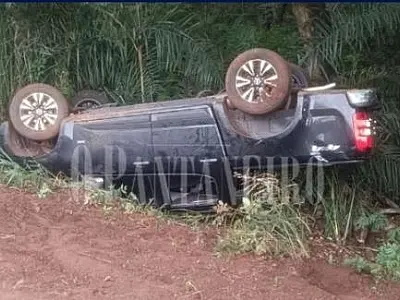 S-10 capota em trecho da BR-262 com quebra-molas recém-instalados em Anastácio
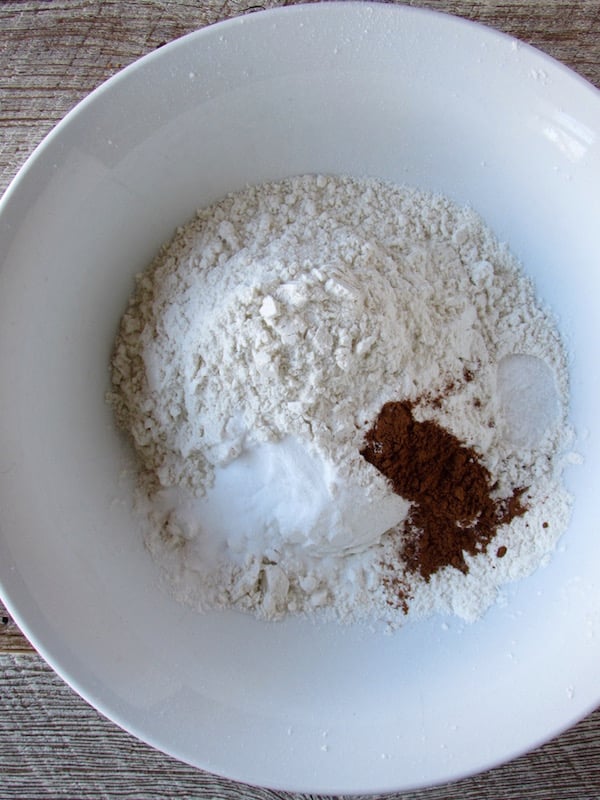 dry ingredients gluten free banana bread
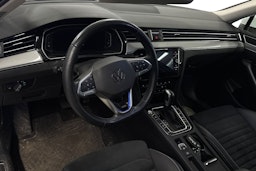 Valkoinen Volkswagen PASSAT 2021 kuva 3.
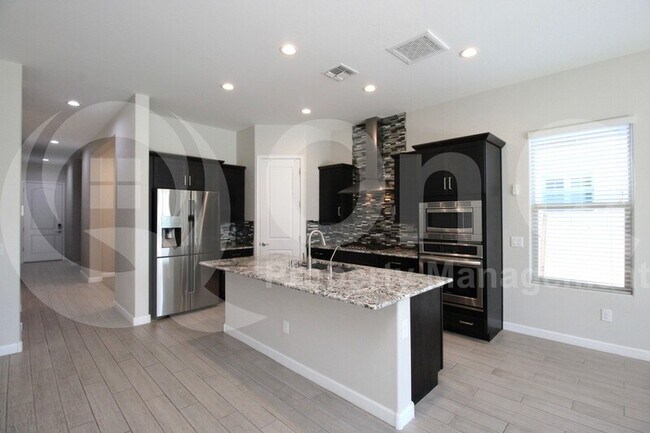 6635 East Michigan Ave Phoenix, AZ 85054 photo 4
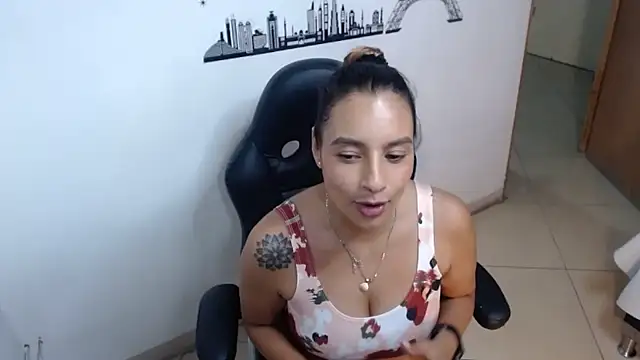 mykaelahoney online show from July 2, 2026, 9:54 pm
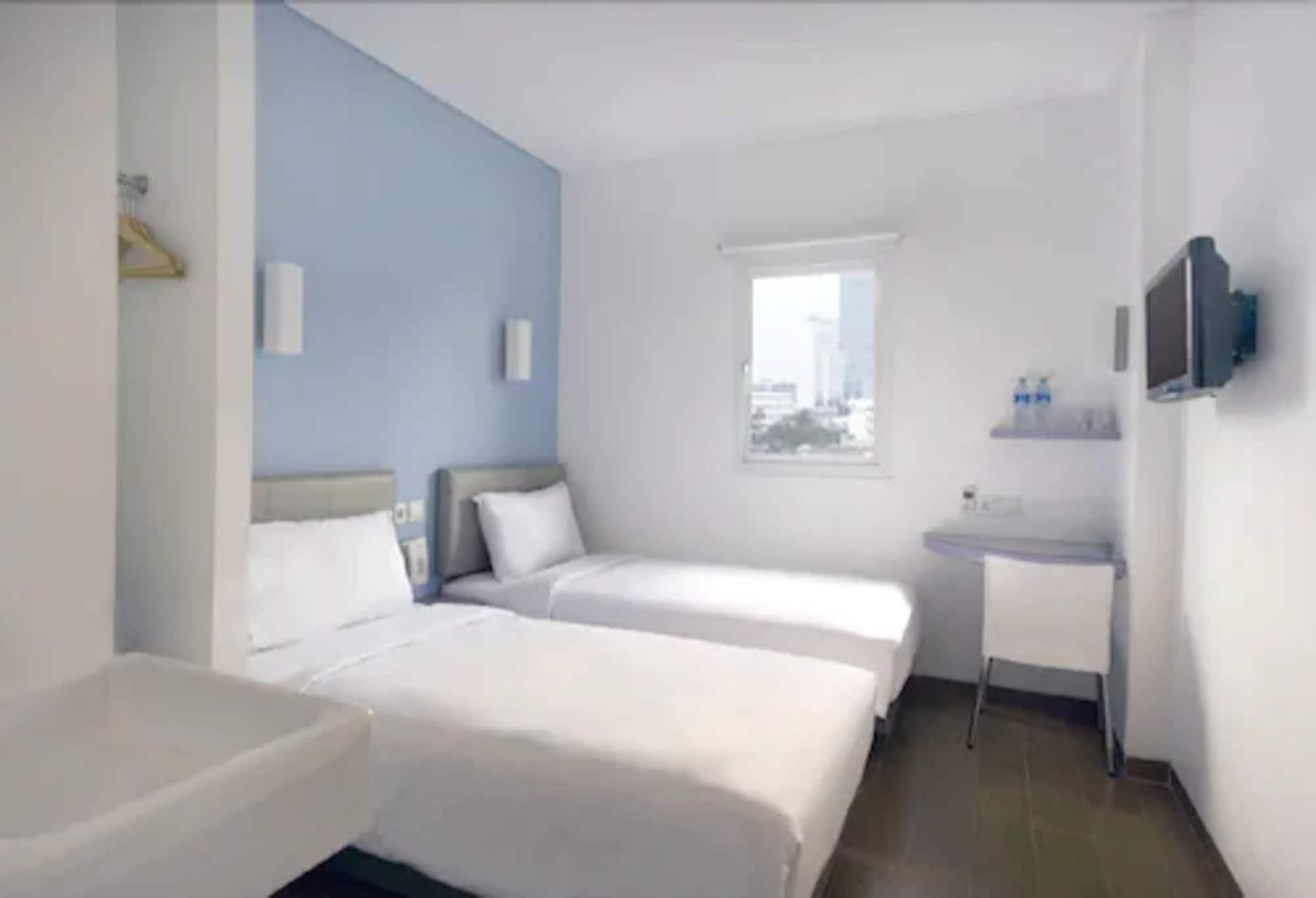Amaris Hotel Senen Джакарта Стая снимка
◆ ◆ ◆ ◆ ◆ ◆ ◆
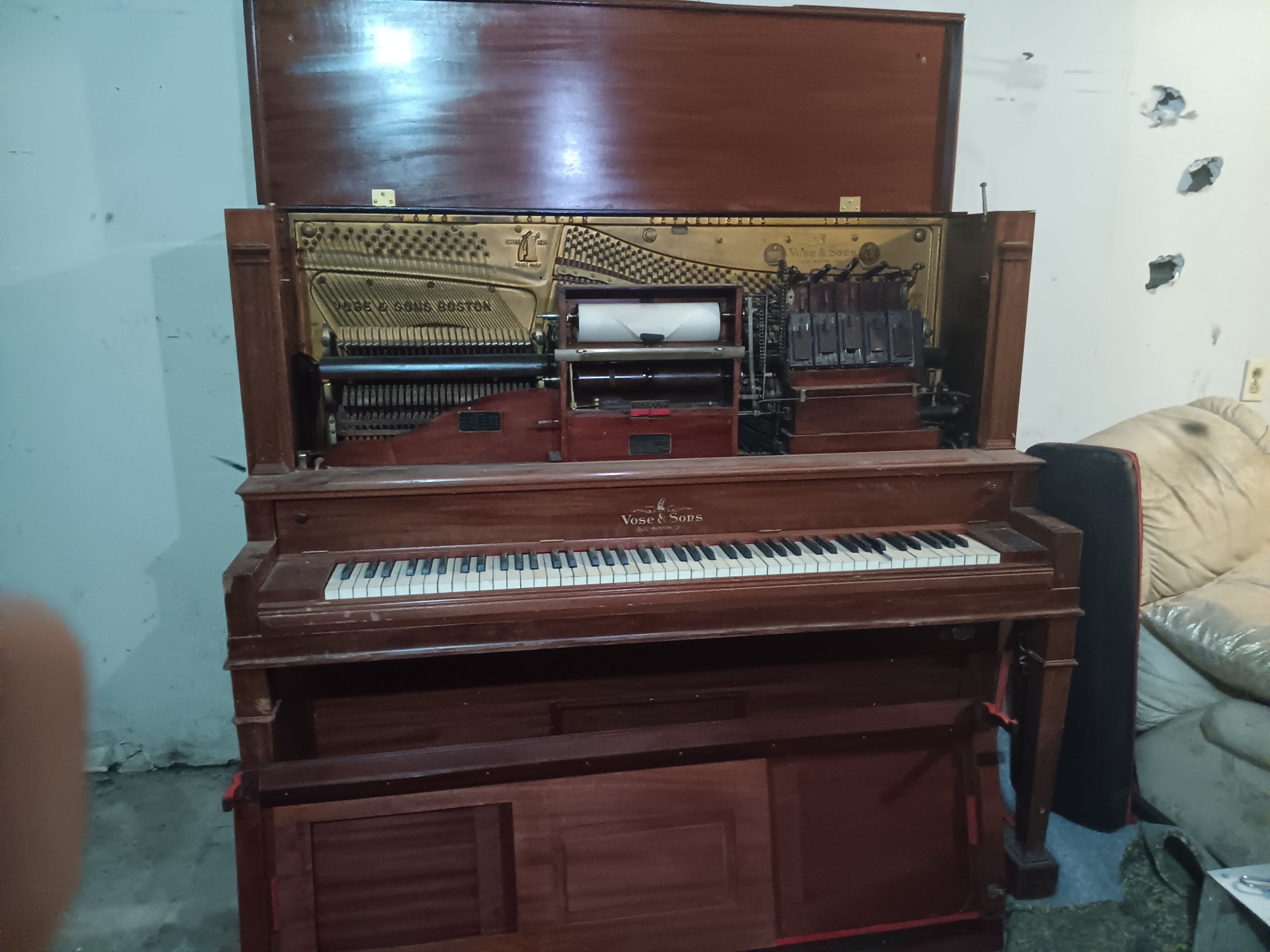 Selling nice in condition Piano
◆ ◆ ◆ ◆ ◆ ◆ ◆
Problem statement: In the listing above, find the line containing "6635 East Michigan" and the line containing "Amaris Hotel Senen Джакарта Стая снимка"; print those lines and every line between them exactly, leaving out pictures.

Response below:
 6635 East Michigan Ave Phoenix, AZ 85054 photo 4
 mykaelahoney online show from July 2, 2026, 9:54 pm
Amaris Hotel Senen Джакарта Стая снимка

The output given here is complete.